Several very smart people are worried about artificial intelligences becoming smarter than people, taking over the world, and not necessarily having our best interests at heart. A specific concern is that some form of paperclip maximizer might optimize the world for something that is harmful to us if the optimization in question is taken too far.
I once tried to explain this to my grandma, who replied "if a computer is taking over the world, why can't you just unplug it?" A very sensible plan, if the computer in question isn't already running a lot of critical functions, without which people would die and society would devolve into chaos (and if it doesn't have batteries). Obviously we'd need to put a stop to something like that before it got started.
Except we can't - it's already too late. We already have a "paperclip maximizer" running the world. It's not optimizing for paperclips, though - it's optimizing for profit: GDP (on the level of nations), shareholder value (on the level or public companies) and personal income (on the level of individuals, especially those with bills to pay). No artificial intelligence is required - the "machine" uses the intelligence of the people that comprise it to do its thinking. But all of those people answer to someone else - employees answer to their managers, CEOs answer to their customers (usually) or investors, most investors are just trying to get the best returns so that they can retire as quickly and comfortably as possible, and consumers are just looking for the best performance/price ratios. Elected representatives answer to voters in their constituencies or lobbyists for various special-interest groups, mostly industries. Voters all too often vote for who the media tells them to, or who seems more likely to ensure that they can find work or keep their jobs. There's nobody in charge of the whole thing, putting the brakes on to ensure that profits don't come before the freedom and welfare of individual humans or humanity as a whole. There's no "plug to be taken out" short of a massive revolution which would also dismantle the systems that keep us fed, clothed, warm, clean, secure, healthy and entertained.

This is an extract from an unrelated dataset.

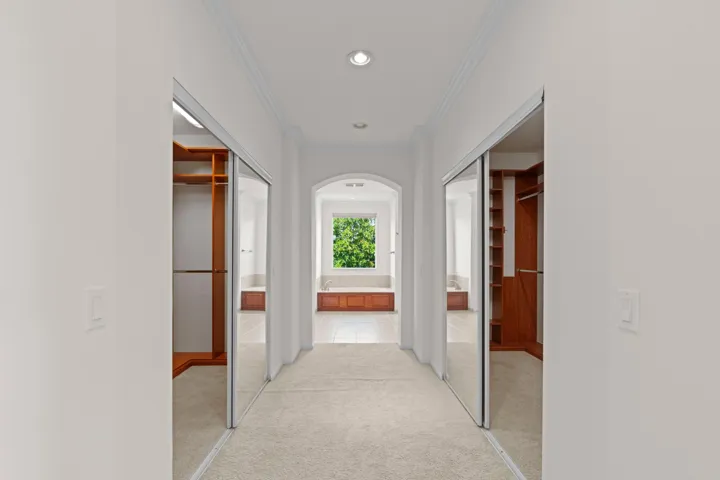 Primary closet area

Taken to it's logical conclusion, what does a world fully optimized for profit look like? Well, predictions become a whole lot more difficult once super-intelligent AIs are in the picture, but here's what I think it would be if such things turned out not to be possible. As there are things that humans can do that machines can't, most human effort would go into profit-generating activities (in other words, we'd all be wage-slaves). If someone is rich enough not to have to work then they probably wouldn't, so the generated profits can't go to making a lot of people rich - this implies that almost all the generated wealth would be concentrated in the hands of a very small number of individuals. Most workers would probably have quite a lot of debt since if they could have an unchecked accumulation of capital they could get rich enough not to have to work. Social safety-nets for any but those absolutely unable to do any kind of profit-generating work would be dismantled since the more dire the consequences for not working the more people will work. Education of children would focus on those skills needed in the workplace, and pure research would only be funded to the extent that it could eventually lead to more profit. Retirement would probably not be a thing (or if it is, you would not expect to have a lot of quality post-retirement time).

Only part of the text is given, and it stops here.